High school football is a truly unique experience. 

Hundreds of rowdy teenage students pack a few rows of bleachers — a sea of white, pink or black, according to the spirit theme. Hyped-up students with refreshments in hand crowd together in groups, with the occasional supportive chant for their Lions. Friday Night Lights is flat-out fun.

But at first glance, the scene can be deceiving. As it was my first year at South, I had high expectations for my first game. I’d been to various professional and college games, but never a high school football game. I’d been told great things about the culture of the game and its environment, but upon getting there I felt unimpressed. 

I thought the crowd would be buzzing, but it was quite the opposite: a hush seemed to settle over the sparsely populated bleachers. I sat awkwardly with my friends, waiting for the game to start. But as the sun set and the fall air turned cool, the game began, and the crowd came to life. 

Before long, the student section was filled to the brim with kids from all grades, shouting for our Lions. The raucous chants of “I believe that we will win!” never seemed to get old, and my voice quickly grew hoarse. 

The craziness wasn’t limited to the fans, though. Even the players got in on the action, hyping up the crowd, hollering words that I’m sure the parents in attendance were unhappy to hear. When South scored the first touchdown of the game, I found myself high-fiving kids I didn’t even know, basking in the glory of taking the lead. I felt connected not only to the game but also to the people around me.

Sophomore lineman Oscar Mulcahey said that the vibrant energy carried into the performance of the team. “It’s electric,” he said.

The interesting part about the whole experience is that the actual football game itself seemed secondary to the social environment. After that first rushing touchdown, South didn’t score again and took a loss. 
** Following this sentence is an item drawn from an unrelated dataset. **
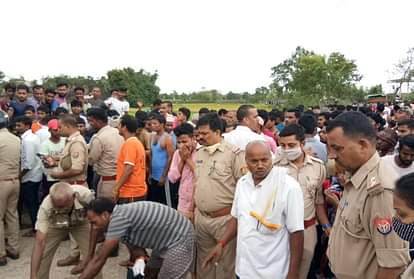 सड़क हादसा: ट्रैक्टर-ट्रॉली की चपेट में आने से बाइक सवार मां-बेटे की मौत, चालक गंभीर Road accident in Kushinagar death of mother and son after hit by tractor-trolley
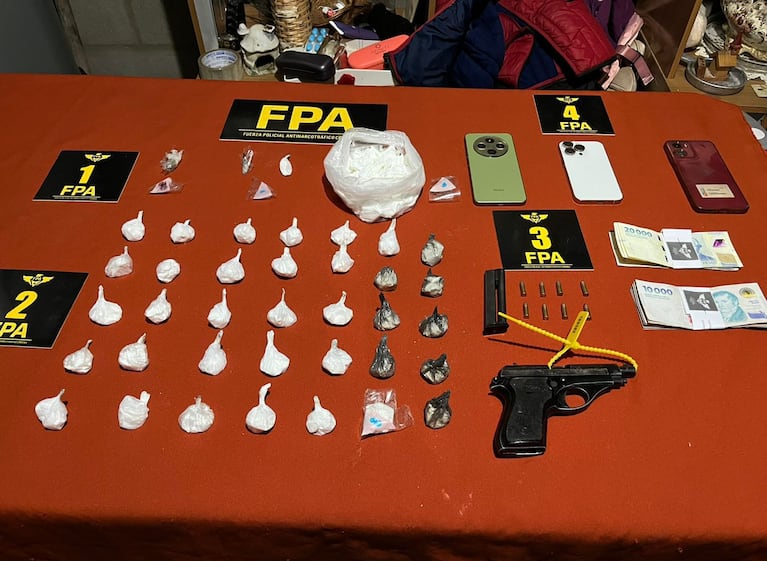 Los detenidos tenían 2 mil dosis de droga.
If this were a Patriots game, the crowd would have left dejected and disappointed. Instead, the happy-go-lucky attitude of the South fans carried over despite the crushing defeat, which lightened the mood.

Friday Night Lights is an energizing and exciting experience where you can bond with your peers and watch some (decent) football. While it can take a while for that electricity to course through the crowd, by the end of the game everyone finds themselves in a good mood, joyful from the experience. 

I found myself feeling connected to the school and those around me — my first real sense of belonging in the community since I had started South just a few days earlier. I had given Friday Night Lights a chance, and it hadn’t let me down.